On a découvert d’énormes quantités de gaz au Mozambique. Nous confirmons que le pays sera un producteur majeur de gaz naturel à partir de 2022-2023. Des multinationales américaines, italiennes et d’autres pays sont maintenant en partenariat avec notre société nationale d’hydrocarbures. Maurice souhaite également obtenir notre gaz naturel, nous allons donc signer un mémorandum d’accord dans les deux ou trois prochains mois.
Nous possédons également des terres rares ainsi que des ressources potentielles intéressantes, en particulier dans l’agriculture, pour développer nos pays et créer des relations fraternelles entre nos deux peuples. C’est pourquoi nous devons passer à l’action ! D’ailleurs, nous avons invité le Premier ministre mauricien à se rendre au Mozambique au moment le plus opportun.
Quelle est votre stratégie pour encourager la création d’emplois et l’esprit d’entreprise dans votre pays ?
Maurice est pour nous un exemple. Vous n’êtes « que » 1,3 million d’habitants – nous sommes plus de 29 millions – et votre niveau d’alphabétisation est très élevé. Le Premier ministre mauricien m’indiquait qu’il était de 90 % (contre un peu plus de 40 % au Mozambique, selon l’UNESCO, NDLR). L’agriculture représente 21 % de notre PIB et près de 80 % des emplois. Il nous reste donc beaucoup à faire en matière de mécanisation dans nos cultures de noix de cajou, de coton et de macadamia.
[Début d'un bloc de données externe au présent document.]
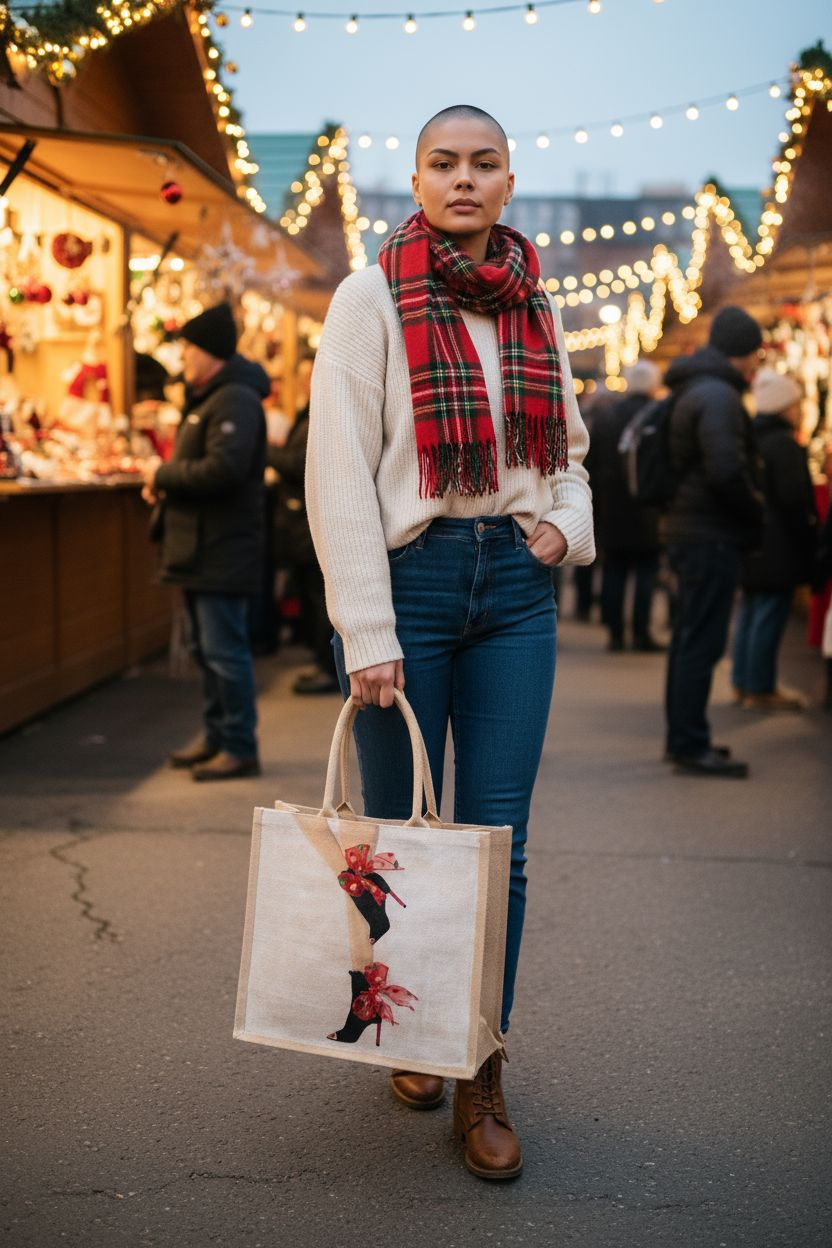 Kicking Up Her Heels Tote Bag, woman legs with black booties and red multicolored ribbon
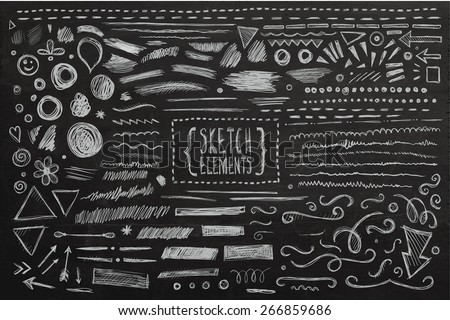 Hand drawn sketch hand drawn elements. Vector chalkboard illustration.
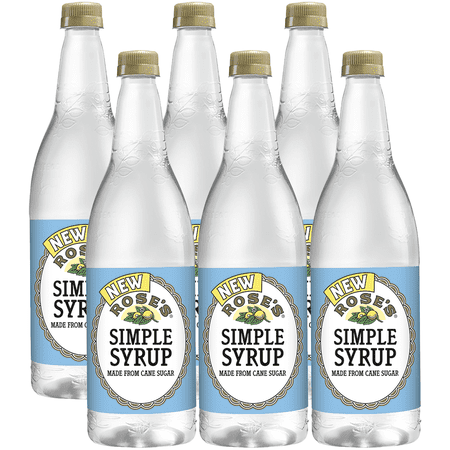 Rose’s Simple Syrup 6 Pack 1 Liter Bottle, | Perfect for Cocktails, Beverages, and Mixers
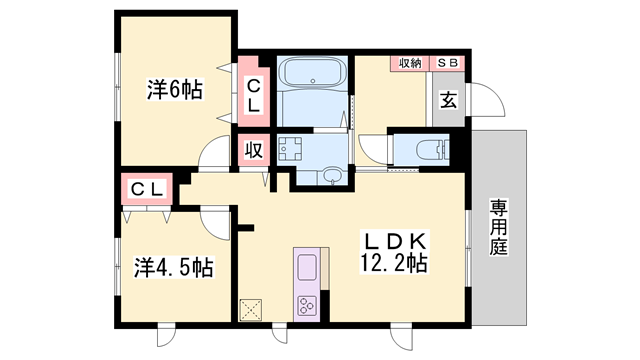 ラ・ルーチェ807 B棟(2LDK/1階)の間取り写真
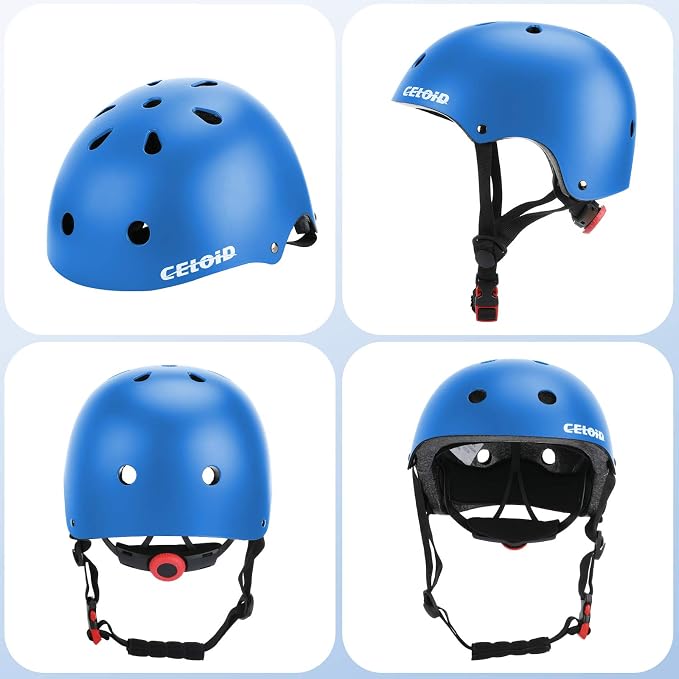 Kids Bike Skateboard Helmet Pad Set,Toddler Cyling Protective Gear Knee & Elbow Pads Wrist Guards for 5-8-10-12-14-16 Years Girls Boys Bicycle Scooter Roller Skate Inline Skating Rollerblading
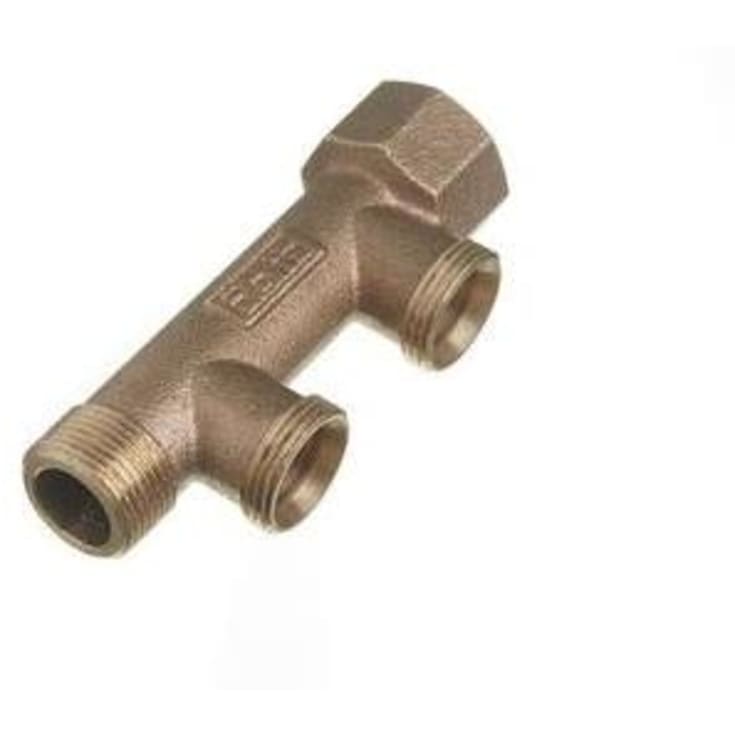 Roth rødgods fordelerrør 3/4", fast muffe, 2 afgreninger 3/4"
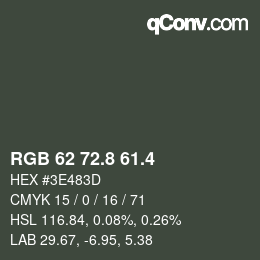 カラーコード: RGB 62 72.8 61.4 | qconv.com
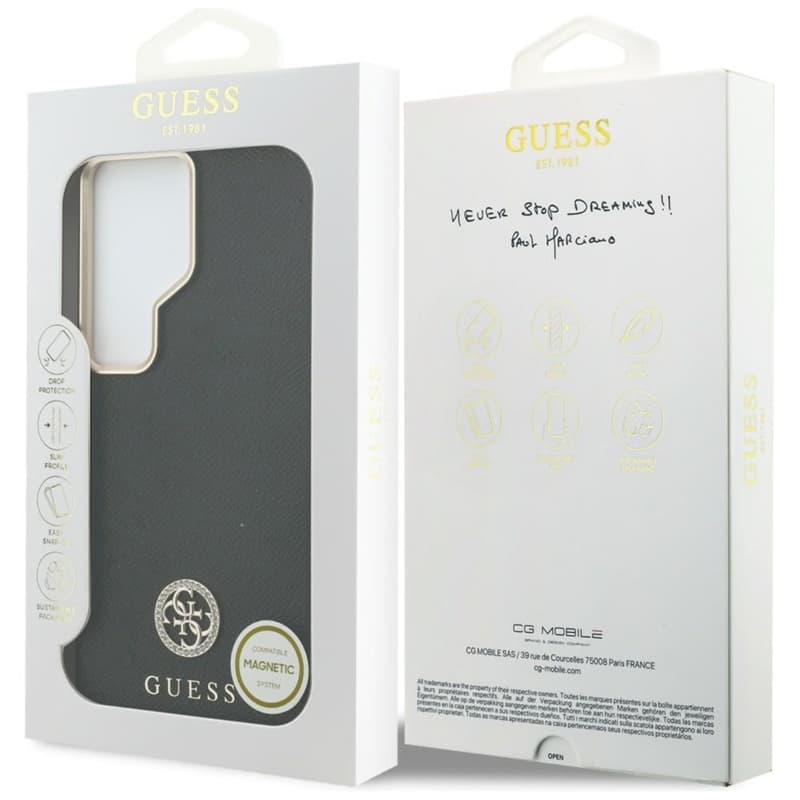 Guess Rhinestone Round Logo MagSafe - Samsung Galaxy S26 Ultra Case (Black) 8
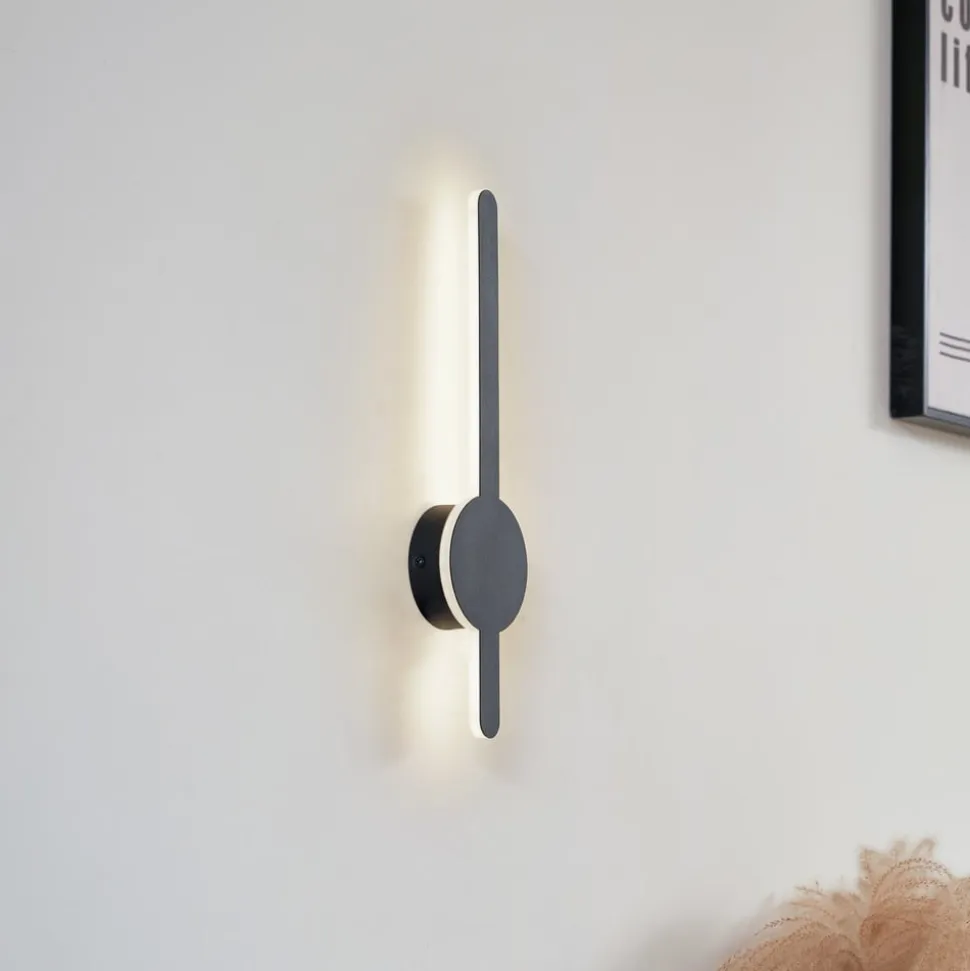 Lindby LED-væglampe Borian, sort, aluminium, 40 cm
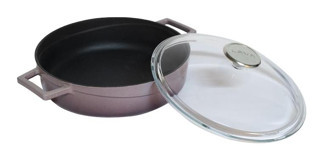 Lava Glaze Cam Kapaklı Döküm 24 cm Basık Tencere Kırmızı Mor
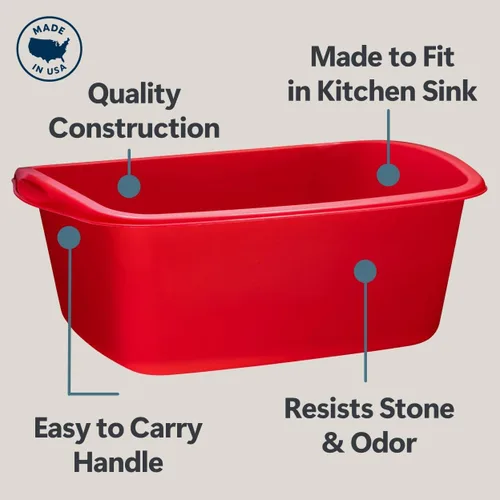 Miniatura 5 de Tribello Paquete de 2 Recipientes para Fregadero de Cocina, Recipiente de Plástico para Lavar Platos y Baño de Pies para Remojar los Pies, Cubo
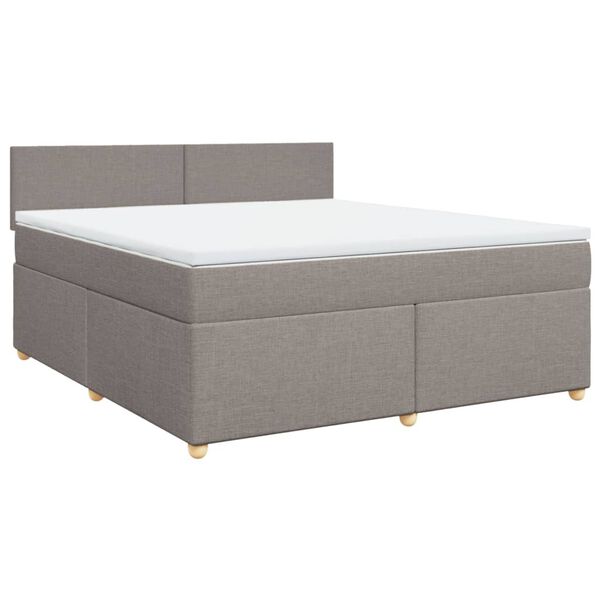 vidaXL Sommier &agrave; lattes de lit avec matelas Taupe 180x200 cm Tissu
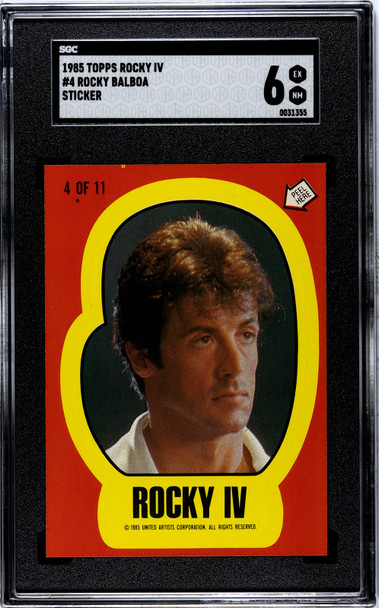 1985 Topps Rocky IV Rocky Balboa #4 Sticker SGC 6 front of card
Cela nécessite des investissements massifs pour générer plus de revenus. Aussi, la première chose à faire est d’éduquer la population avec des filières générales mais aussi professionnelles et techniques pour produire plus et mieux. Nous avons la même problématique concernant nos ressources minérales comme le charbon, l’or, la bauxite ou le marbre. Elles doivent être transformées et valorisées au maximum au Mozambique. Ma visite à Maurice a aussi pour objectif d’obtenir des financements pour industrialiser mon pays.